When it comes to voter turnout for the upcoming November election, Guerra said the latest tumult could potentially boost or decrease voter turnout.
“The scandal has the potential to greatly mobilize people and also has the potential to alienate others who just say: ‘look, they all are the same. They are terrible. Why vote? We elected who we thought were great people are scandalous as well,’” Guerra added.
It doesn’t help that O’Farrell himself faces a competitive race to keep his own seat on City Council.
On Tuesday, O’Farrell struggled to start a meeting as a rowdy crowd of protesters packed the City Council chamber, calling for the resignation of three members, shouting “get out!” and “resign now” at de Leon and Cedillo, who were driven from the chambers by the uprooar.
During the meeting, Bonin said he was deeply hurt by the comments his colleagues made, calling them to resign.
“I’m sickened by it,” he said.
— dean musgrove (@deanmusgrove) October 11, 2022
Joel Fox, an adjunct professor at Pepperdine University School of Public Policy and a political analyst, said O’Farrell must stage a comeback to win back his own seat.

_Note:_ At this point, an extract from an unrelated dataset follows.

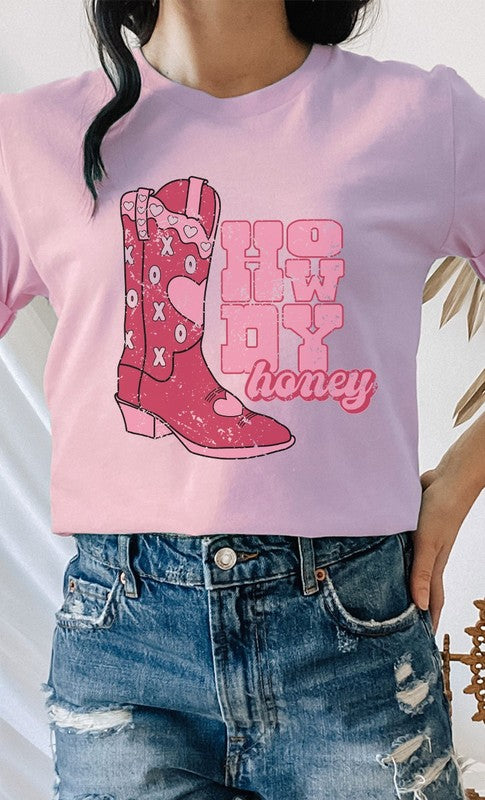 Howdy Honey XOXO Boots Valentines Graphic Tee Womens Graphic T-shirt Pink S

In the primary against challenger Hugo Soto-Martinez, a labor and community organizer, O’Farrell finished second.
“It’s been a great move by progressives to elect more progressive candidates,” Fox said. “So he has to deal with that.”
This eruption of this scandal could further fuel candidates who want to propel LA’s leadership farther to the left, Fox said.
“He will be seen as a part of the establishment,” Fox said. “He will have to work very hard to overcome that. He will have to deal with the overall movement to the left by many who want to change the way the Los Angeles government operates.”